LHS used to have four programs that students could take to help prepare them for outside jobs. In addition to preparing them for situations such as interviewing, they also received credit to use toward the required amount for graduation. In 2009, “The Unborn,” a horror film, was filmed in locker rooms at LHS. There used to be an annual LHS fashion show, which was produced by the Fashion Club. LHS used to have Peer Mediators - a group of students who would act as counselors and help students with their internal problems and group conflicts.
In 1990, the Homecoming theme was “Sweet Home Chicago,” which was the same theme as Homecoming 2015. LHS used to have a program called work-release. Students were eligible to leave after seventh period, as long as their employers wrote a note to school describing the extent of their work and giving them permission to leave.
In 2008, part of the movie “Public Enemies” was filmed in a science lab, offices, the front entrance and the locker rooms of LHS. The Brainerd building was honored for being the first four-year school in Central Lake County and for being in use for more than 80 years in 2008.

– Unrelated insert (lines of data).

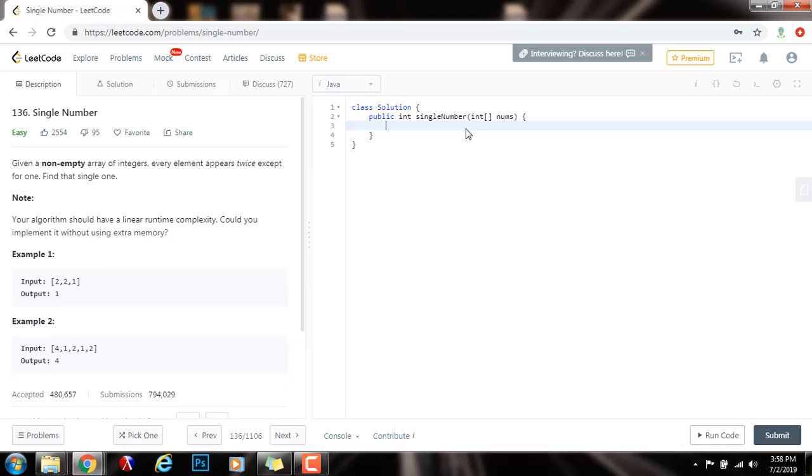Hello everybody, it's Amel and today I want to teach you how to solve the single number problem. Given a non-empty array of integers, every element appears twice except for one. Find a single one.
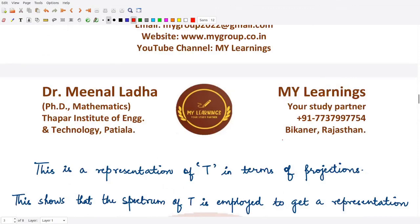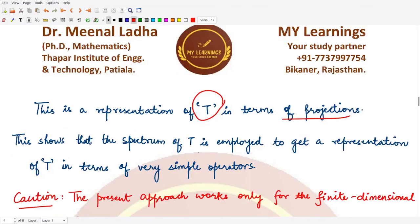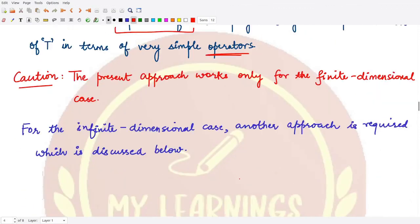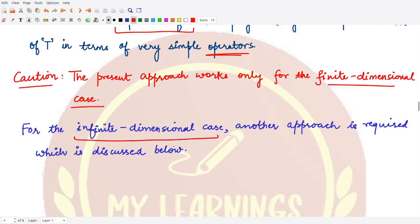This shows that we can represent the spectrum of T in terms of simple operators — the projections. We have worked out the finite-dimensional case. In the infinite-dimensional case, the problem is more difficult and further discussion will be required. That is it for this video — thank you for watching.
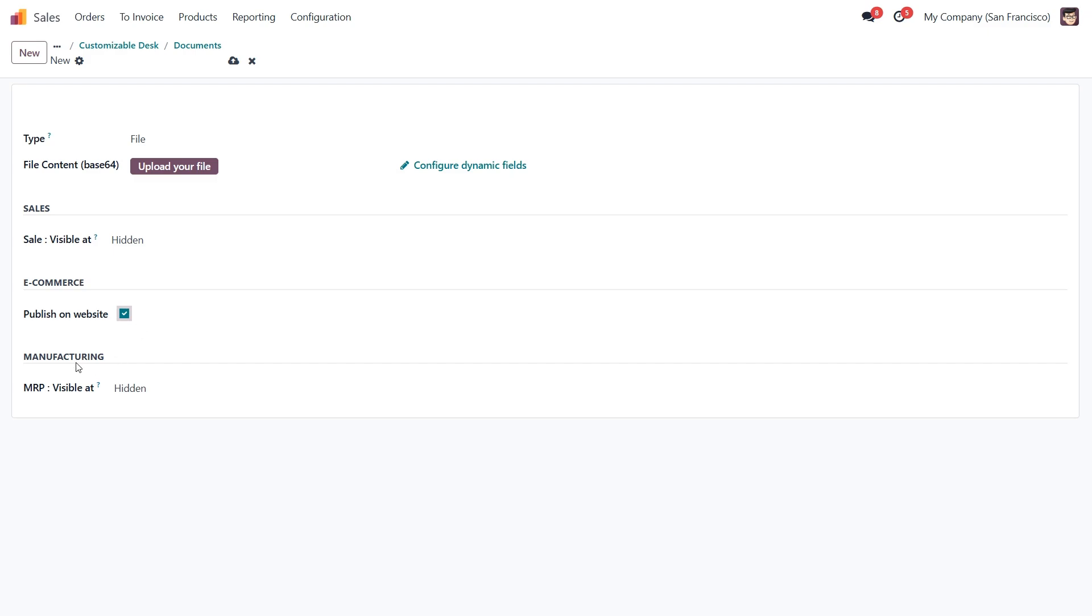And lastly, on the manufacturing tab, we can link it to the bill of materials, so it appears as an attachment when this product is part of a BOM.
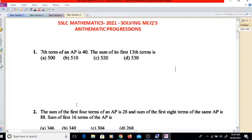Hello viewers, welcome to the live class. Today we shall discuss the multiple choice questions for the SSLC examination 2021. The chapter is arithmetic progressions. So without wasting further time, let's move to the questions.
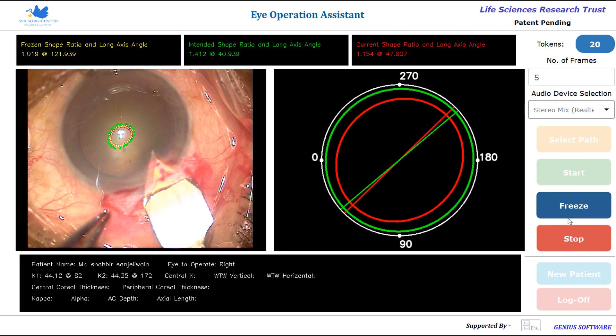At this moment, the current shape and the intended shape, as you can see, are perfectly overlapping with each other. At this moment of corneal deformation, if the incision is taken, it will produce a perfectly spheric cornea in this case.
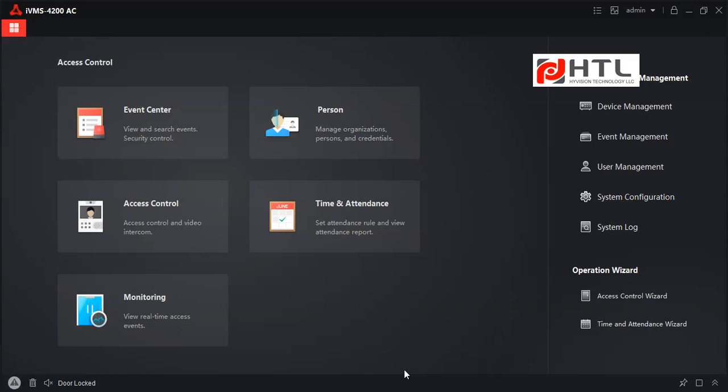Hi, in this video we will be seeing about IVMS 4200 AC and SQL Server integration.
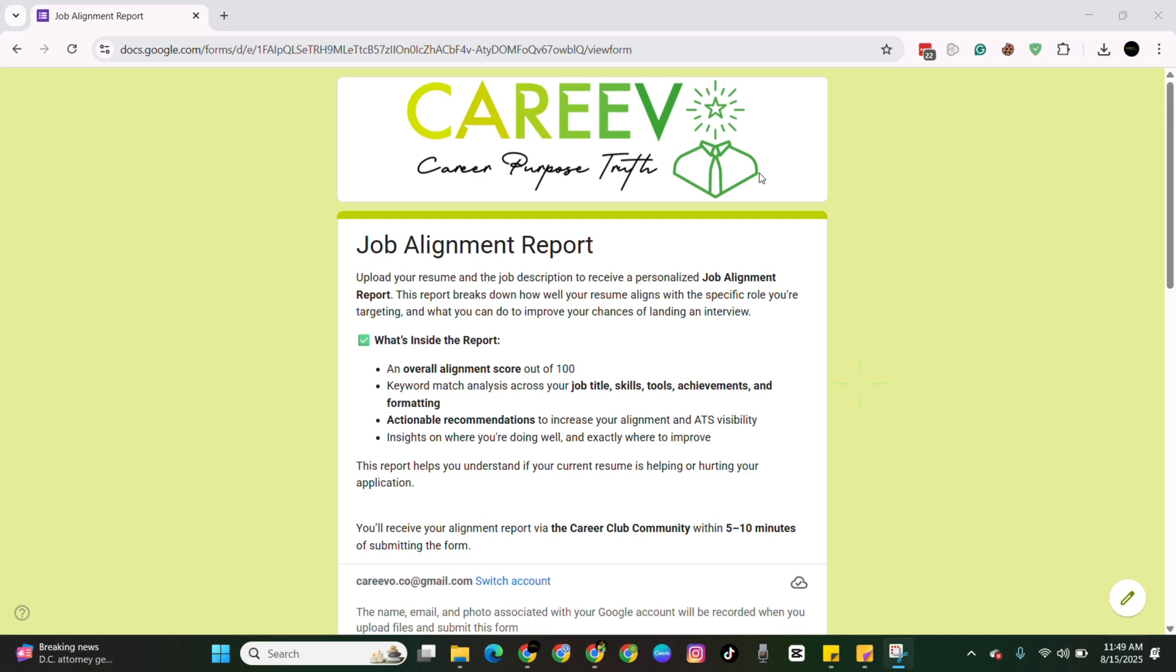This is the first of many additional tools that will be coming to the community soon. This is the job alignment report. So the goal of this tool is to help you analyze how good of a match you are with a specific job before you apply.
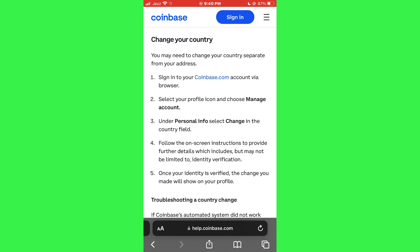First, sign in to your coinbase.com account via browser. Then select your profile icon and choose Manage Account. Now, under Personal Info, select Change in the Country field. Follow the on-screen instructions to provide further details, which includes but may not be limited to Identity Verification. Once your identity is verified, the change you made will show on your profile.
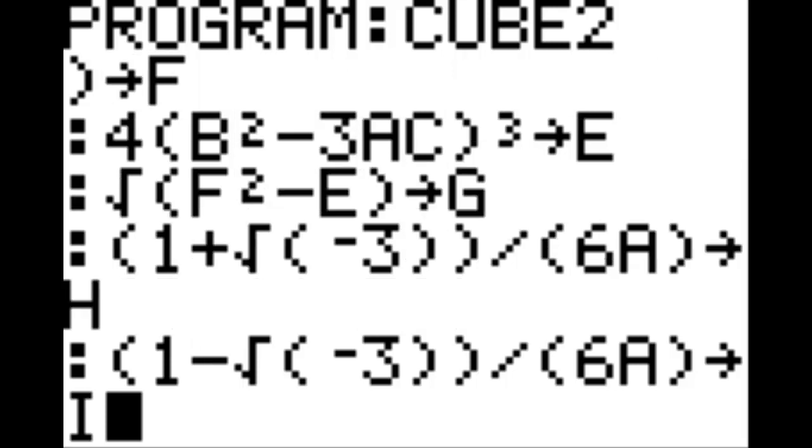On the new line, in parentheses, 1 minus the square root of negative 3, 2 in parentheses, divided by, 6, A, in parentheses, STO key, I.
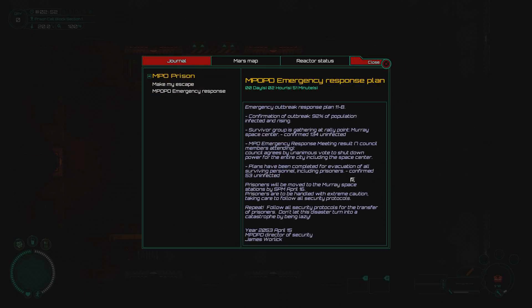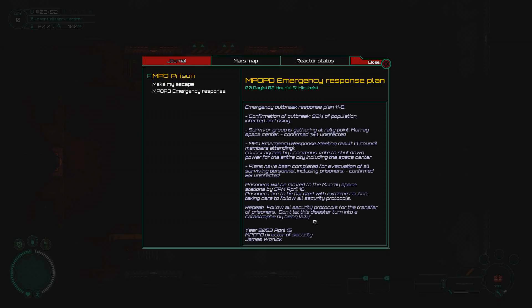Let's see what's inside. Emergency outbreak response plan 11B. Confirmation of outbreak: 92% of population infected and rising. Survivor group is gathering at the rally point, Murray Space Center. Confirmed 134 uninfected. Council agrees by unanimous vote to shut down power for the entire city. Prisoners will be moved to the Murray Space Station by 5 PM April 16. Year 2053, April 15.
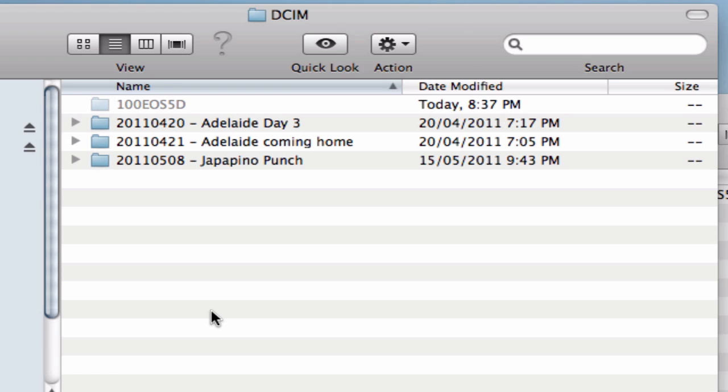So I've got three folders here, labelled 2011 and then the month 05, day 08 and the particular event that happens, in this case a gig called Jalapeno Punch.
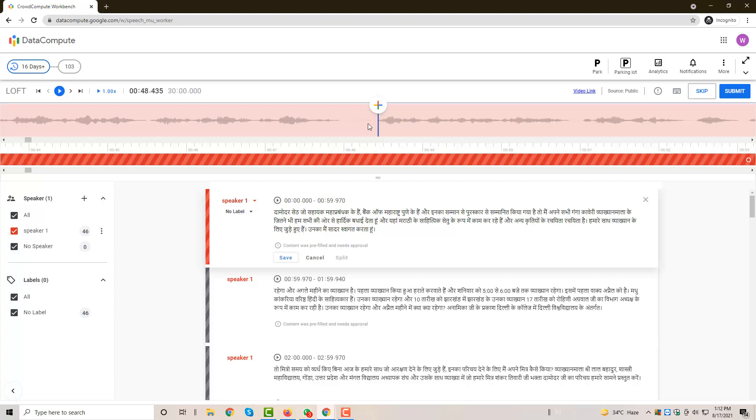So this gap is of almost 500 milliseconds. Whenever you find a 500 millisecond gap, then you have to split your audio. Splitting the audio will be explained in another video. The purpose of this video was to explain about the 500 millisecond gap.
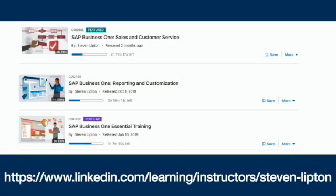If you want to know about SQL, Crystal Reports, and more Business One features, I do suggest checking out all my SAP Business One courses in the LinkedIn Learning Library.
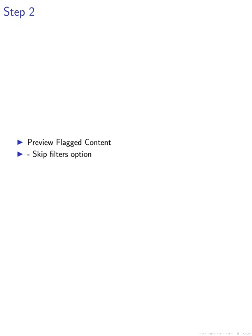Following this, in step two, users are given the option to preview flagged content and choose whether to skip automatic filters in the future. This feature empowers users to control the content they are exposed to, thereby enhancing their agency in the dialogue setting.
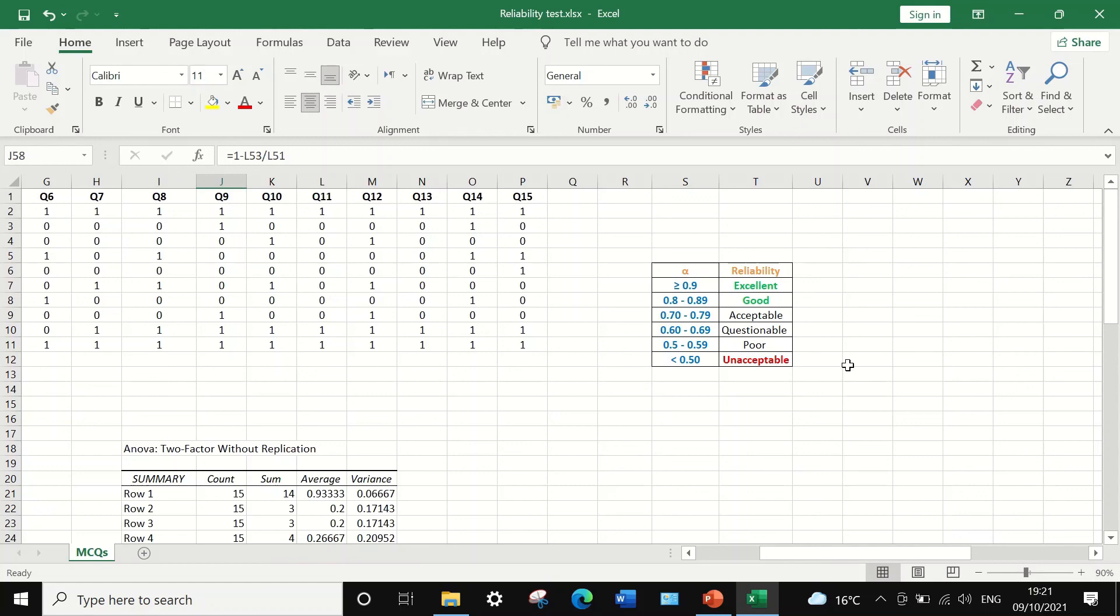So this is one way to calculate the Cronbach's alpha and determine the reliability of an exam paper, sorting it out as either having excellent reliability or being an unacceptable and unreliable exam.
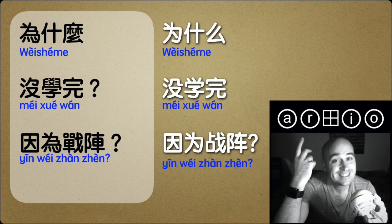To read this more word by word precisely: why did you not study to completion? This particular completion particle is used in combination with many different verbs — not all verbs, but many — to suggest the completion of the action. Note that the negating particle here is méi (没), not bù (不). 没学完 — why did you not study until the point of completion?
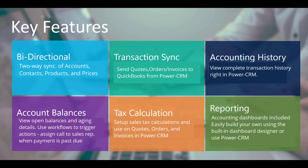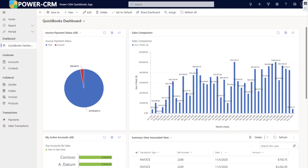Set up tax calculations — this allows you to calculate tax on quotes, orders, and invoices in PowerCRM. Full reporting capabilities on your QuickBooks data in PowerCRM. There's an accounting dashboard that comes with the system, and you can also easily build your own using the built-in dashboard designer or use Power BI.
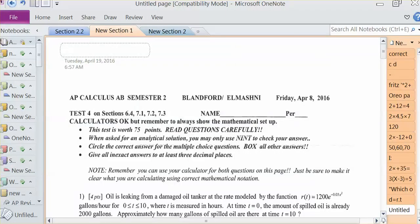Hello, welcome to a video that will cover the solutions for test number 4 on sections 6.4, 7.1, 7.2, and 7.3. This test took place on Friday, April 8th, and I feel we should do a video solution since we won't have much time during class to review this test given all the disruptions we've had to our schedule.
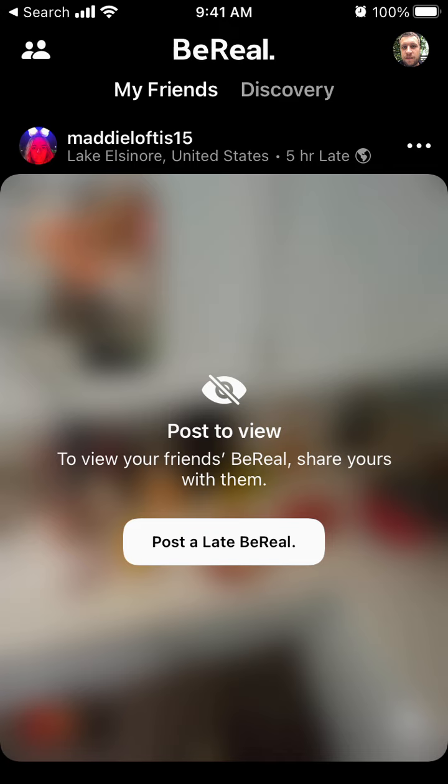But if you delete your BeReal post — by the way, you can only delete your one BeReal post, the latest one — I don't think it's possible to restore it.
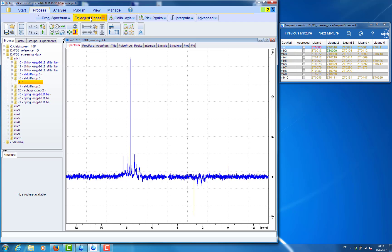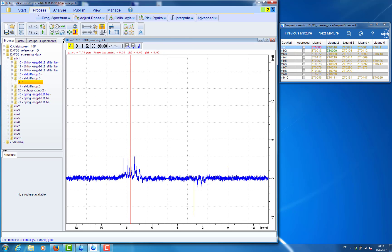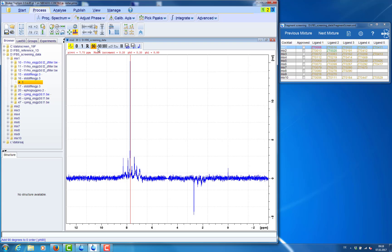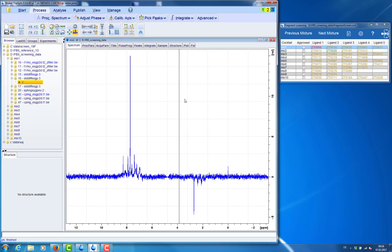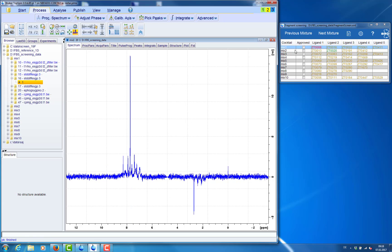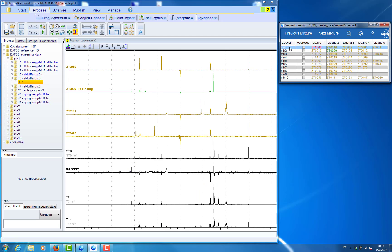And then we can for example adjust the phase. And save what we have changed in this spectrum. And when we go back to our mixture the reprocessed spectrum will be automatically updated.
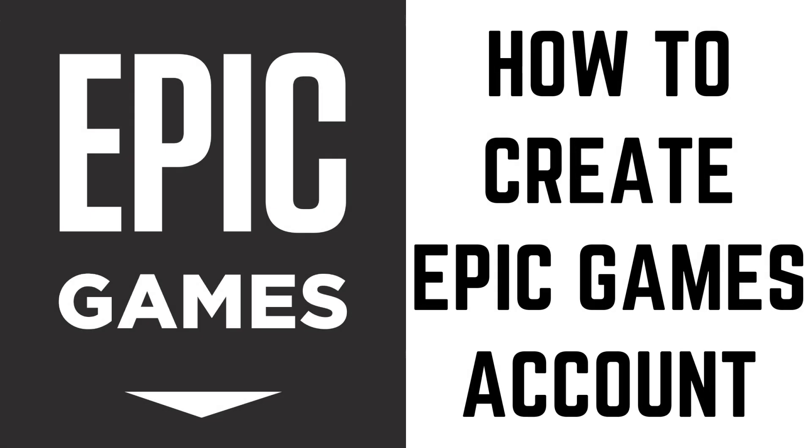Hey everyone. I'm Max Dalton, and in this video I'll show you how to create an Epic Games account.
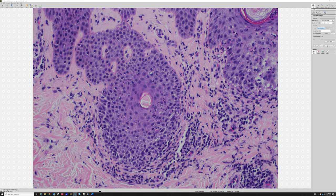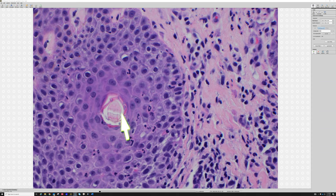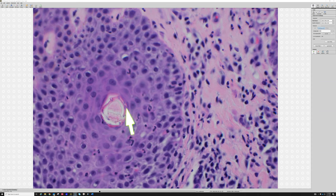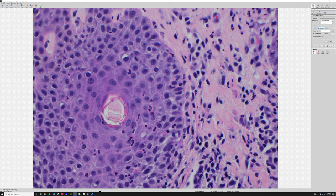Here's another follicle with a little bit more of the same — some fungi here. Majocchi's granuloma is often on the anterior legs; that's where you tend to see this for some reason.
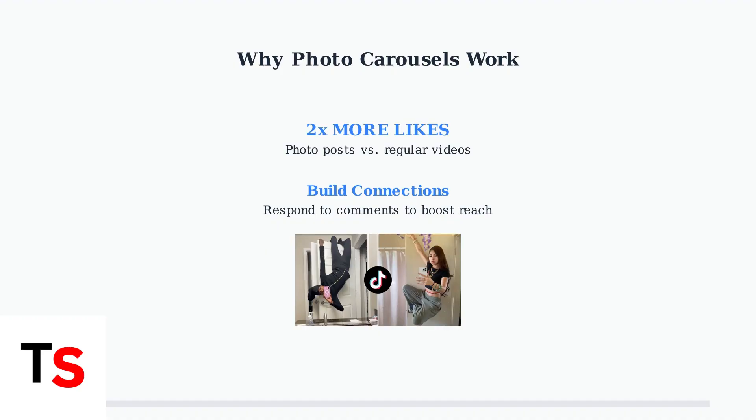Remember to actively respond to comments on your photo carousels to build stronger connections with your viewers and boost your content's reach.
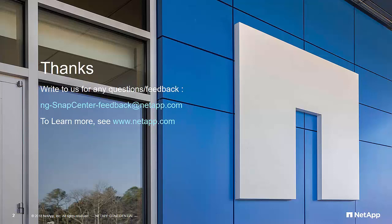For any questions or feedback, write to ng-snapcenterfeedback at netapp.com. For more information about the product, please refer to www.netapp.com.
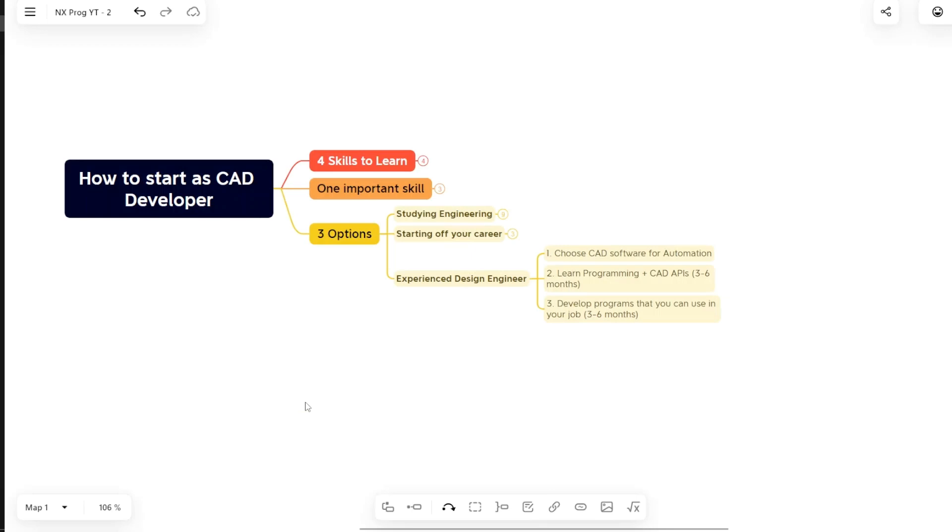I hope you are following my video series and you are getting a lot of valuable information out of that. This is part number three of the video series on when to start learning CAD development.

Graduation used to be hosted at Ravinia in the pavilion, followed by the same after-party LHS has today - activities in the field house until 4 a.m. When Brainerd was still part of LHS, freshmen were the only grade who attended that part of school. They had to eat lunch in the basement, which caused complaints.
In addition to Snowball, there used to be a club called SADD - Students Against Destructive Decisions. Not only did they advocate for drug and alcohol prevention at LHS, they would go to elementary schools and spend a day with them to show the younger kids how to have fun without substances.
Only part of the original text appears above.